‘The Great Indian Murder’ combines a classic whodunnit story with the underpinnings of social commentary and tales of political corruption. The Disney+ Hotstar mystery series follows the murder of Vicky Rai, the entitled son of a powerful and corrupt politician. At the core are six eclectic suspects, each with their own incredibly diverse backstories and motives.
The complexity of the Indian milieu forms the backdrop of the narrative, and a lot of the incidents that play out have a certain newsworthy feel to them, to say nothing of the political figures depicted. So just how much of ‘The Great Indian Murder Mystery’ is inspired by real life? We dug around and found out!
Is The Great Indian Murder Mystery a True Story?

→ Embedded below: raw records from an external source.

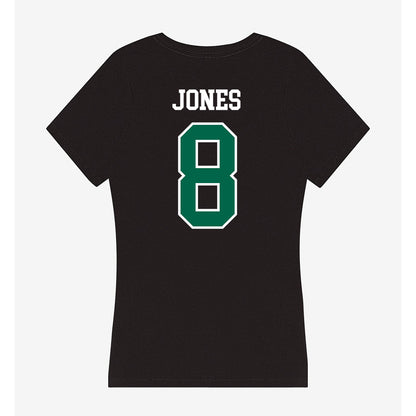 Siena - NCAA Women's Volleyball : Kayla Jones - Women's V-Neck T-Shirt-1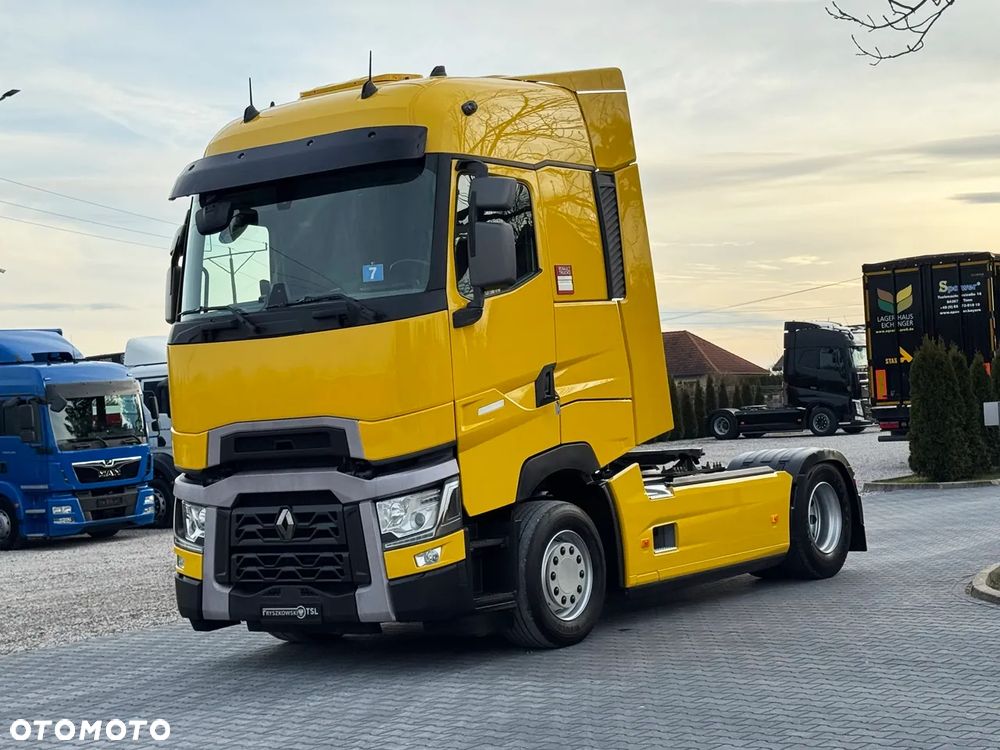 Renault T 520 / ACC / HIGH CAB / KLIMA POSTOJOWA / Z NIEMIEC / IDEALNY STAN - 7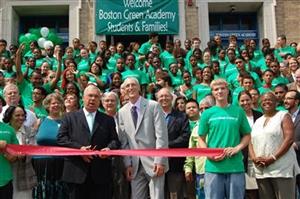 Ribbon cutting 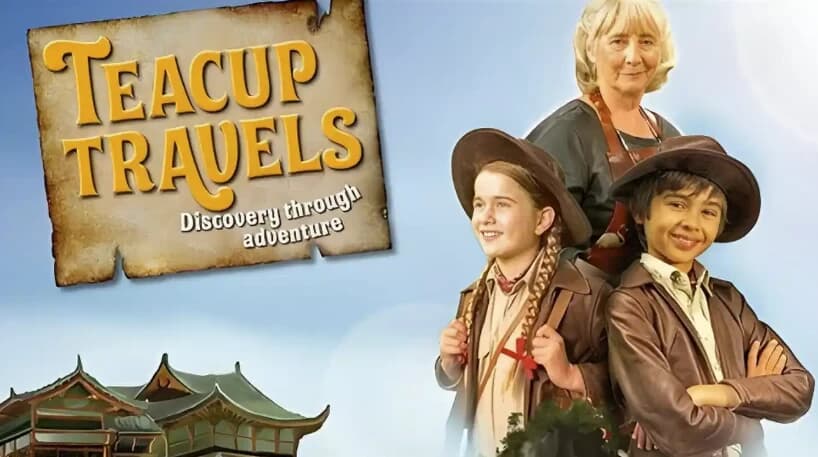 图片[1]-BBC儿童历史启蒙剧《茶杯旅行记 Teacup Travels (视频+音频+台词本) 》-酷软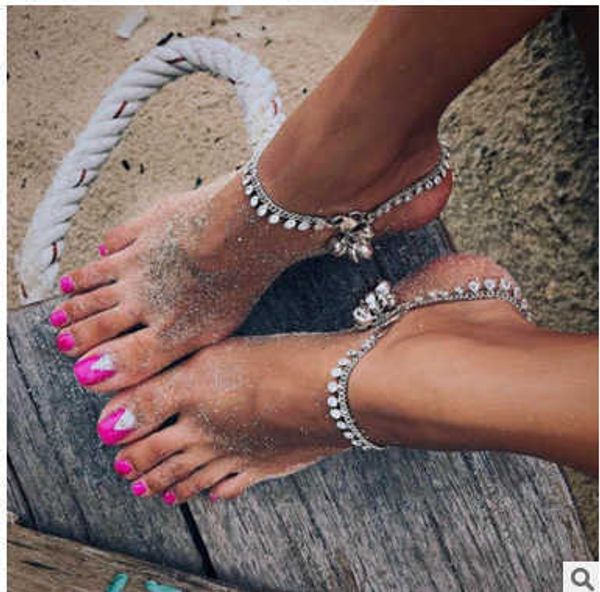 tassel jewelry bohemian punk style metal heavy industry disc bell foot chain beach, Red;blue
tassel jewelry bohemian punk style metal heavy industry disc bell foot chain beach, Red;blue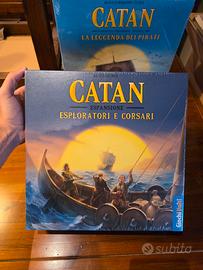 Catan esploratori e corsari 🇮🇹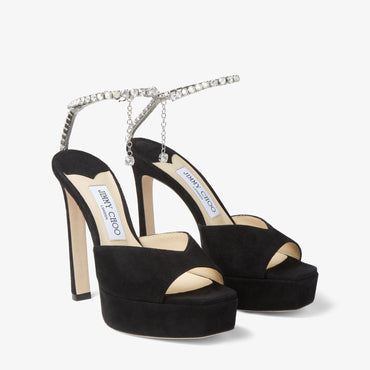 Saeda Sandal/Pf 125 - Black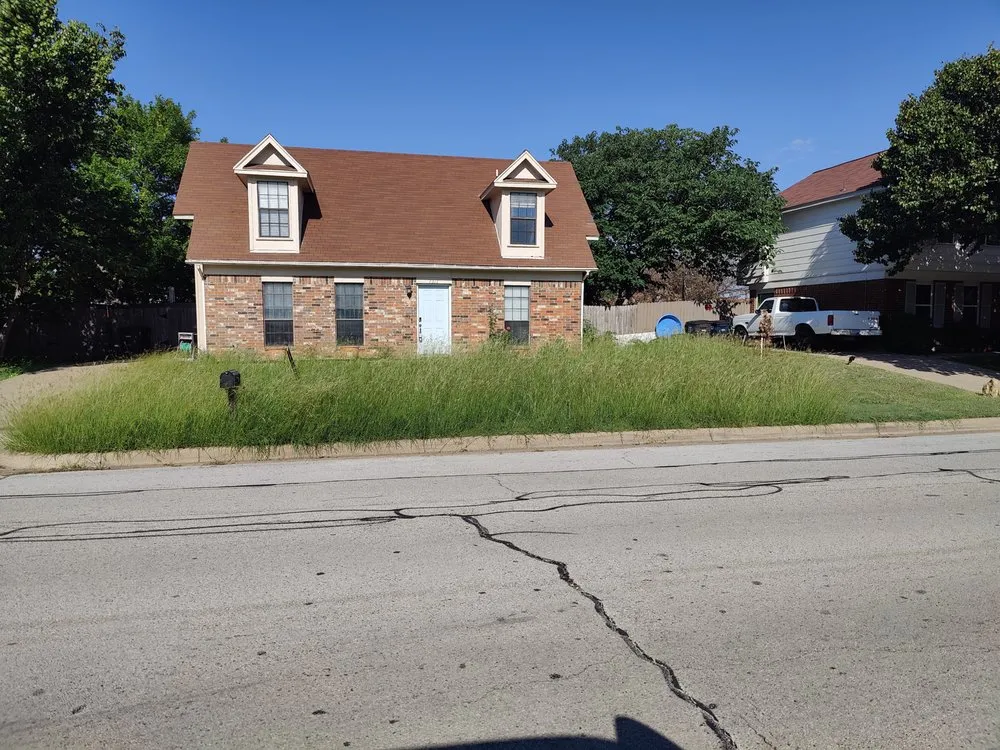 Custom landscaping services for homes across Fort Worth, TX - Tuck's Lawn Care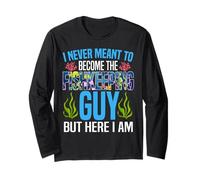 Saltwater Aquarium I Never Meant To Become The Fishkeeping Long Sleeve T-Shirt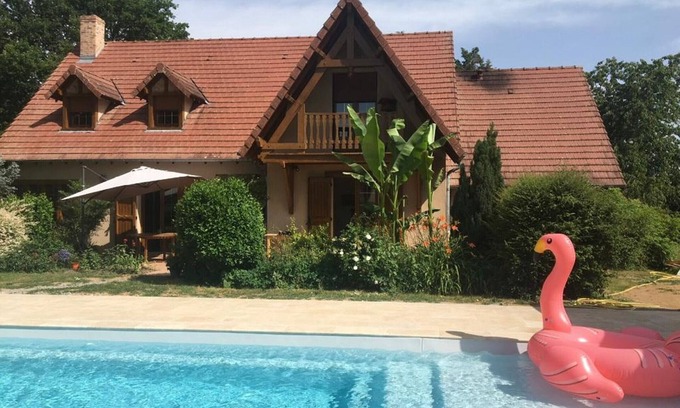 Lurcy-Levis Cottage | Charming Cottage with Private Pool and Garden - 7 People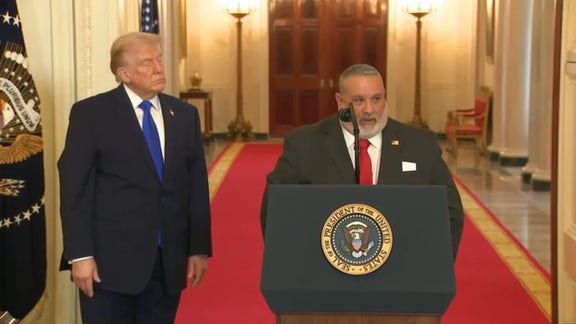 Angel Families praise Trump for immigration crackdown: 'You are the man'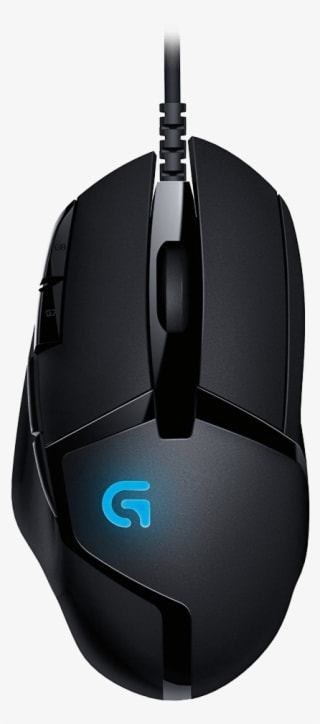 Logitech G402 Hyperion Fury Gaming Mouse - Transparent PNG Free Download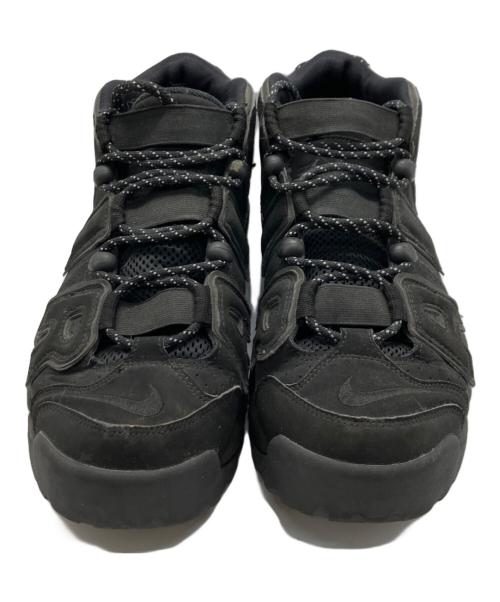 NIKE（ナイキ）NIKE (ナイキ) AIR MORE UP TEMPO ブラック サイズ:27.5cmの古着・服飾アイテム
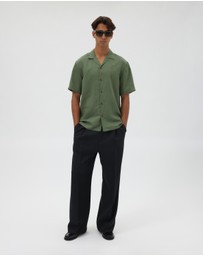AERE - Laze Camp Collar Shirt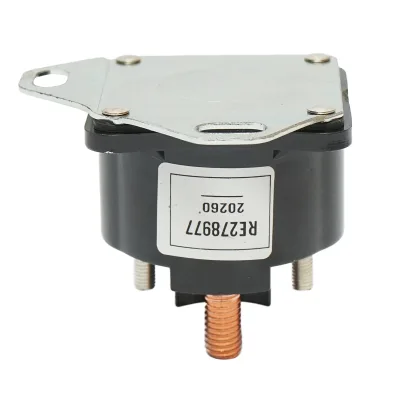 Relè solenoide motorino avviamento John Deere codice OEM RE278977 - immagine 2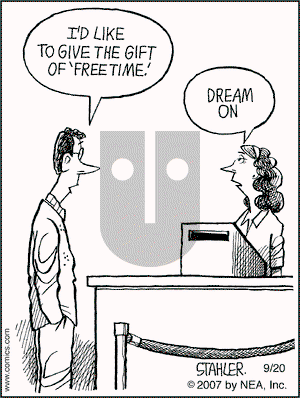 Moderately Confused on Thursday September 20, 2007 Comic Strip
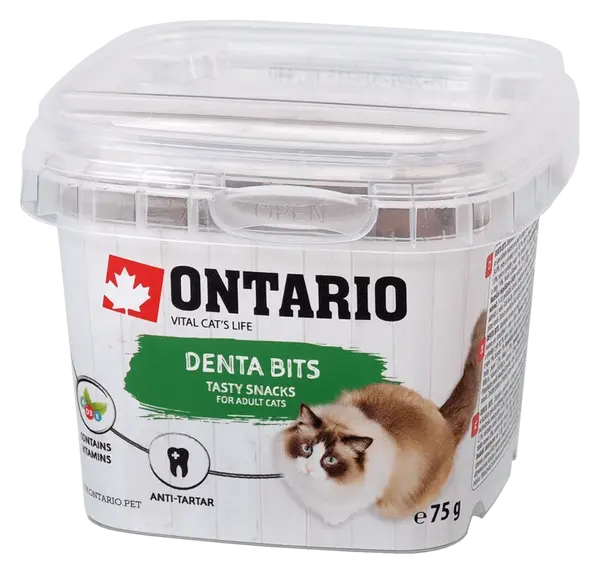 Ontario Snack Dental Bits 75 g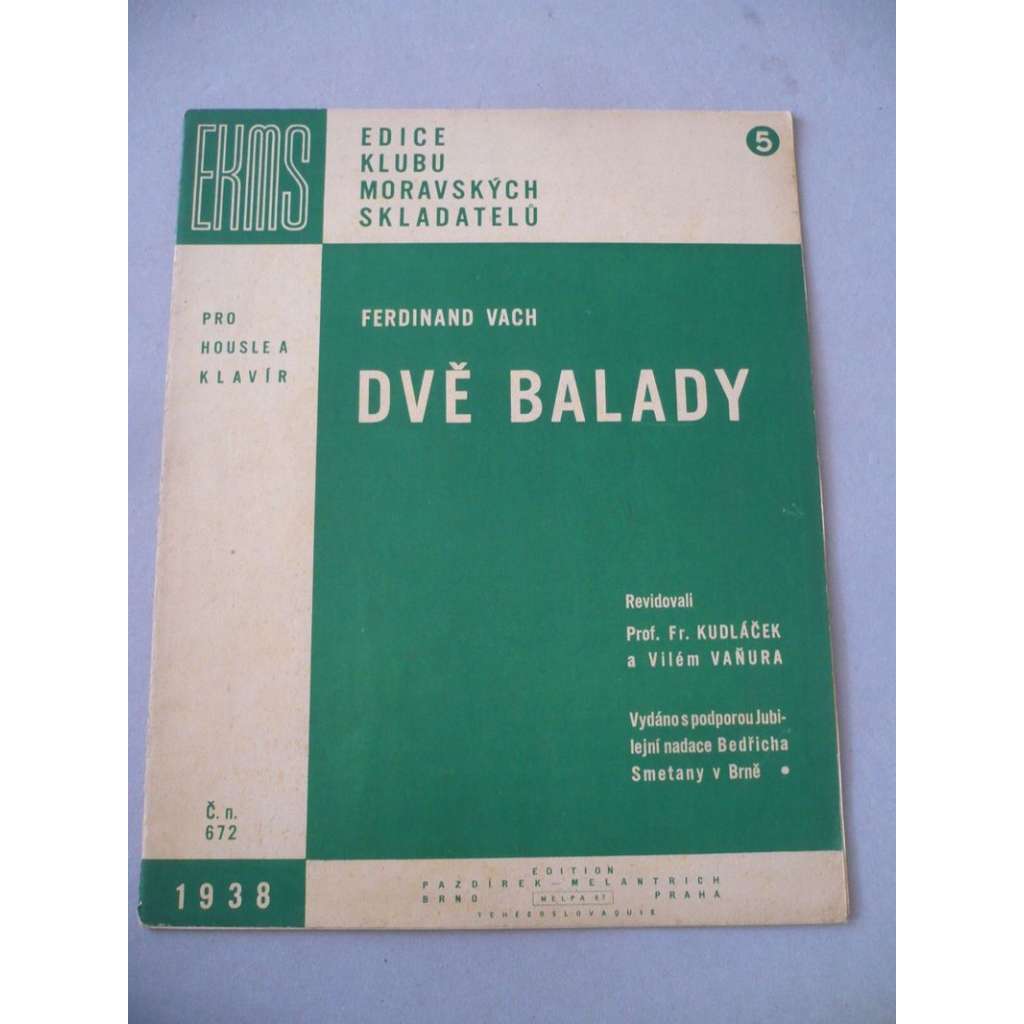 Dvě balady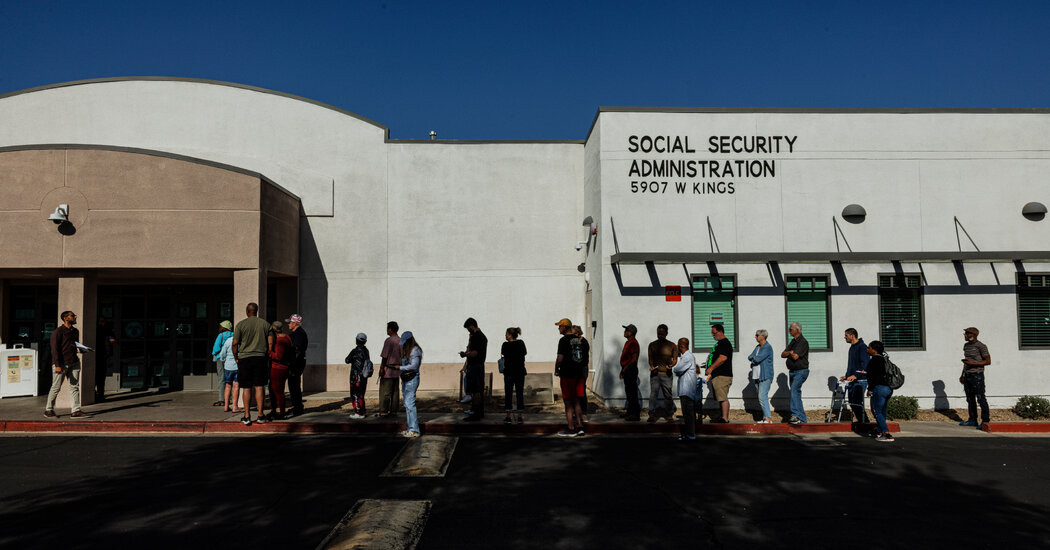 Social Security Benefits Could Be Cut in 8 Years Unless Congress Acts  at george magazine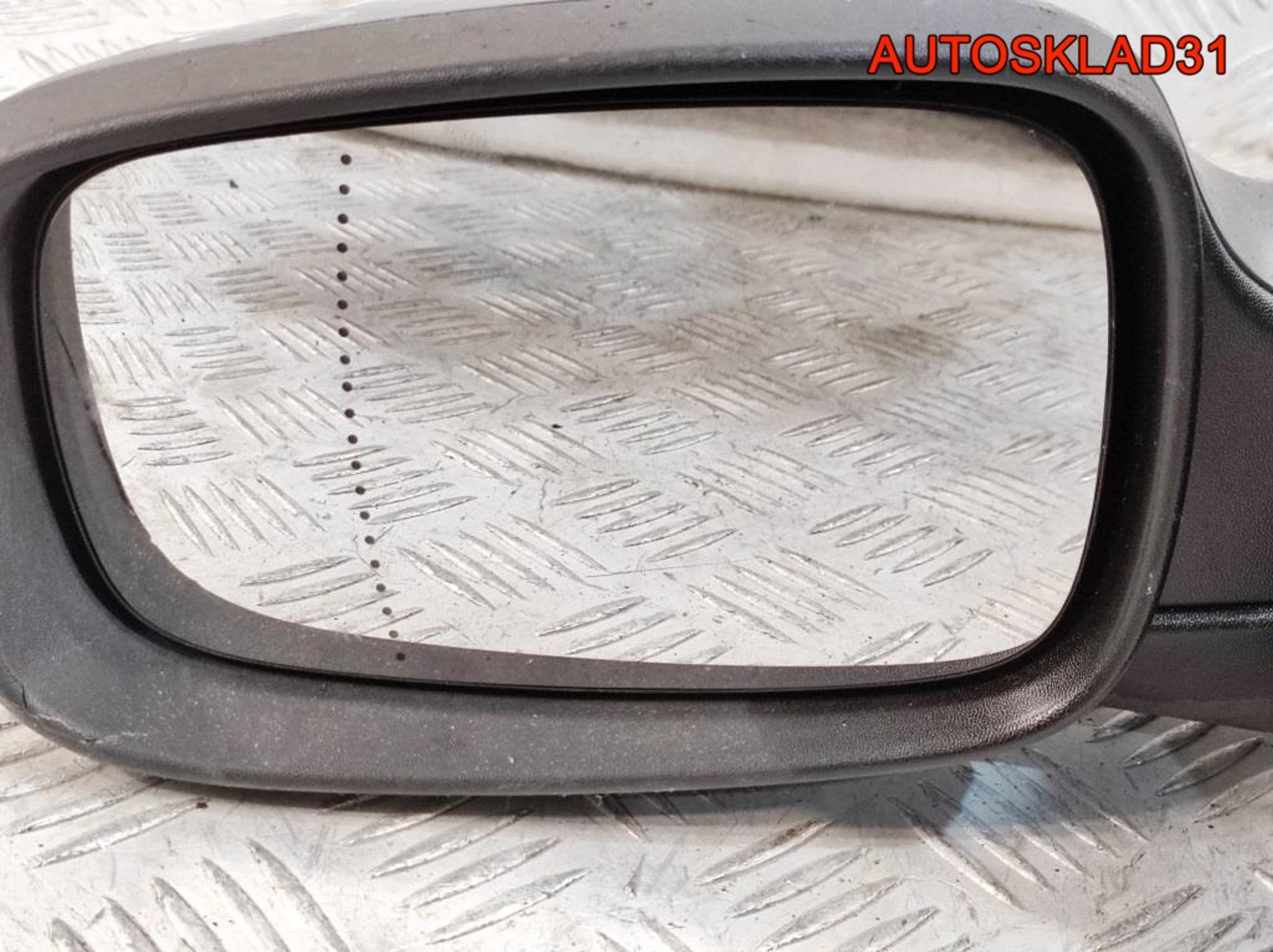 Зеркало левое 5 контактов Renault Clio 3 7701061192, 7000 рублей, Дубовое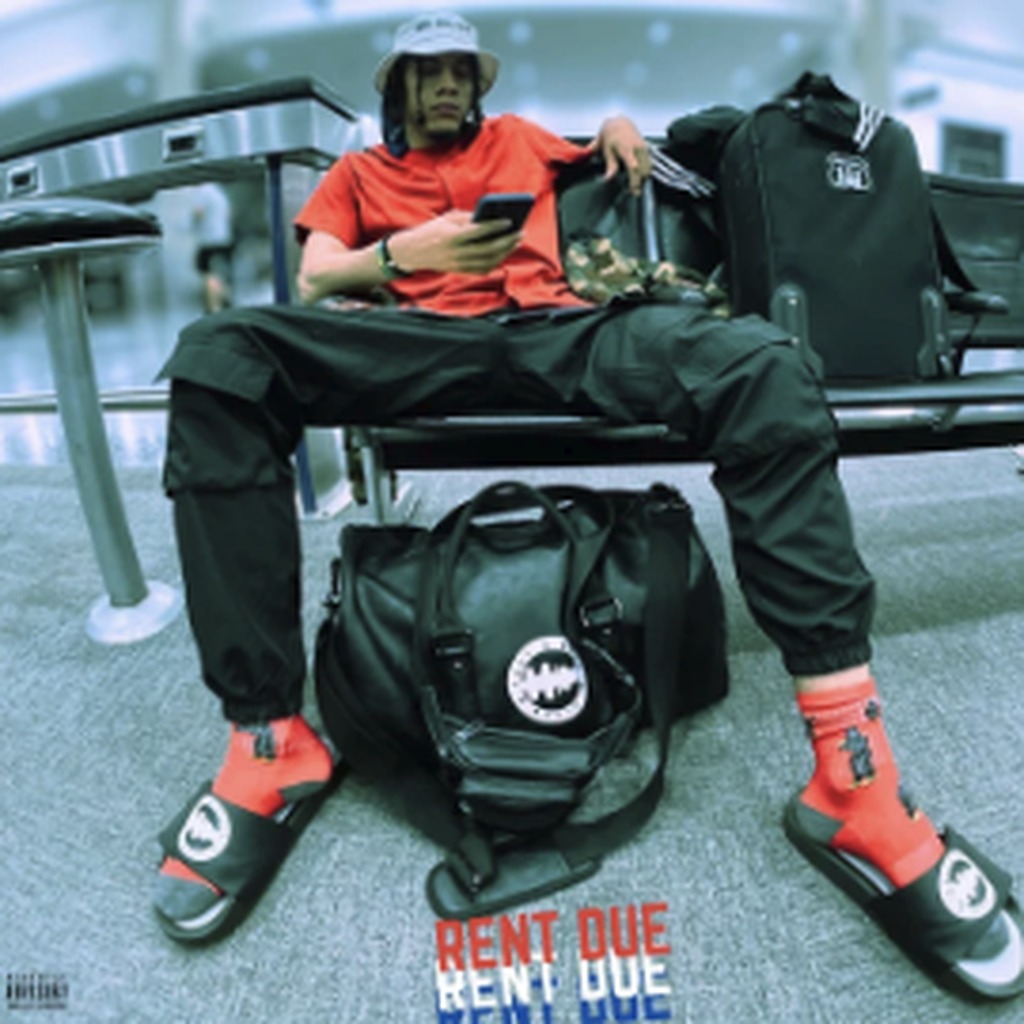 RENT DUE cover art by SkinnyFlackoo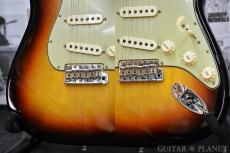 Fender Custom Shop ~2021 Custom Collection~ 1963 Stratocaster Journeyman Relic -3 Color Sunburst- 2024USED!!_8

No, ‘The Great Indian Murder’ is not based on a true story. Despite its resemblance to certain Indian news stories, the narrative and characters are fictional. The show draws from Vikas Swarup’s 2008 novel ‘Six Suspects,’ which the author describes as a “social thriller” (more on that in a bit). The book was co-adapted by series director Tigmanshu Dhulia along with Vijay Maurya and Puneet Sharma. In being brought to screen, a few aspects of the novel were updated in the script to mirror events that became newsworthy after the book came out.
The show also draws its authenticity from Swarup, a diplomat-turned-author who has now retired from his diplomatic duties. In an interview, he described how the character of Eketi was inspired by Andamanese tribes like the Sentinelese and how they might react to contact with the modern world. Similarly, the characters of the other five suspects are structured to give them wildly varied points of view. Since the book explores the Indian milieu, the American suspect seemingly provides an “outsider’s perspective.” Swarup explains that a multi-layered perspective is required in order to effectively portray India’s complexity.
The show’s fictional leanings and murder mystery plot can be attributed to Swarup’s love for thrillers. Having grown up reading the likes of Agatha Christie, Irving Wallace, and James Hadley Chase, with the essential Camus and Kafka thrown in, the author attempts to explore contemporary Indian society in a thrilling way, making his novels self-proclaimed “social thrillers.” The format is popular, and Swarup’s 2005 novel ‘Q & A’ was adapted into the multi-Oscar winning ‘Slumdog Millionaire.’ The trend is also seen on screen with the rise of Indian series like ‘Paatal Lok‘ and ‘Tandav.’
There are also multiple details that the show changes from the source novel. In the latter, Vicky Rai’s politician father represents the state of Uttar Pradesh. The series mixes in some additional plot points about Maoist rebels by making the character from Chhattisgarh instead. Of course, the phenomenon of politically powerful people getting away with heinous crimes is one that essentially opens the show, with Vicky Rai celebrating his acquittal (despite having committed the crime). Once again, there are oblique references to news stories, but the show remains firmly in the realm of fiction.
Thus, the show gets its realistic feel by including plot points that are reminiscent of relatively recent real-world events and characters that could arguably be amalgamations of multiple real-life people. However, as the author has also pointed out, the strength of the writing depends on creating a solidly believable fictional world. His novel, and the subsequent series based on it, are set in such highly believable fictional worlds, which provide an authentic-feeling backdrop to the whodunnit murder mystery.